Check for Missing Values
To make detecting missing values easier (and across different array
dtypes), Pandas provides the isnull() and notnull() functions, which are
also methods on Series and DataFrame objects −
import pandas as pd
import numpy as np
df = pd.DataFrame(np.random.randn(5, 3), index=['a', 'c', 'e', 'f',
'h'],columns=['one', 'two', 'three'])
df = df.reindex(['a', 'b', 'c', 'd', 'e', 'f', 'g', 'h'])
print df['one'].isnull()
import pandas as pd
import numpy as np
df = pd.DataFrame(np.random.randn(5, 3), index=['a', 'c', 'e', 'f',
'h'],columns=['one', 'two', 'three'])
df = df.reindex(['a', 'b', 'c', 'd', 'e', 'f', 'g', 'h'])
print df['one'].notnull()
Calculations with Missing Data
When summing data, NA will be treated as Zero
If the data are all NA, then the result will be NA
import pandas as pd
import numpy as np
df = pd.DataFrame(np.random.randn(5, 3), index=['a', 'c', 'e', 'f',
'h'],columns=['one', 'two', 'three'])
df = df.reindex(['a', 'b', 'c', 'd', 'e', 'f', 'g', 'h'])
print df['one'].sum()
import pandas as pd
import numpy as np
df = pd.DataFrame(index=[0,1,2,3,4,5],columns=['one','two'])
print df['one'].sum()
Cleaning / Filling Missing Data
Pandas provides various methods for cleaning the missing values. The
fillna function can “fill in” NA values with non-null data in a couple of
ways, which we have illustrated in the following sections.

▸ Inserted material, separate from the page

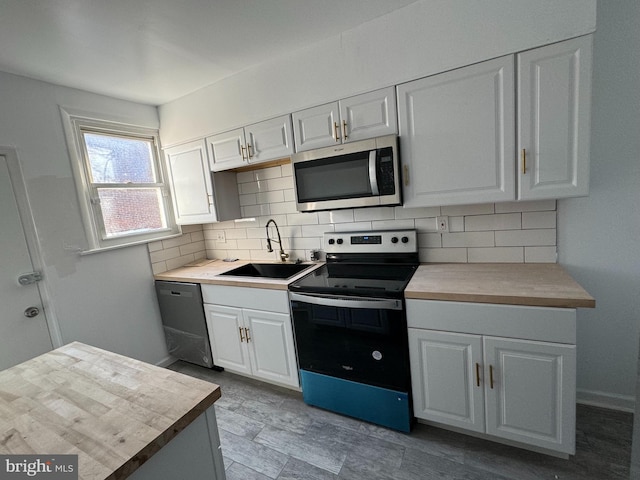 kitchen featuring appliances with stainless steel finishes, backsplash, sink, and white cabinetry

Replace NaN with a Scalar Value
The following program shows how you can replace "NaN" with "0".
import pandas as pd
import numpy as np
df = pd.DataFrame(np.random.randn(3, 3), index=['a', 'c', 'e'],columns=['one',
'two', 'three'])
df = df.reindex(['a', 'b', 'c'])
print df
print ("NaN replaced with '0':")
print df.fillna(0)
Here, we are filling with value zero; instead we can also fill with any
other value.
Fill NA Forward and Backward
Using the concepts of filling discussed in the ReIndexing Chapter we
will fill the missing values.
import pandas as pd
import numpy as np
df = pd.DataFrame(np.random.randn(5, 3), index=['a', 'c', 'e', 'f',
'h'],columns=['one', 'two', 'three'])
df = df.reindex(['a', 'b', 'c', 'd', 'e', 'f', 'g', 'h'])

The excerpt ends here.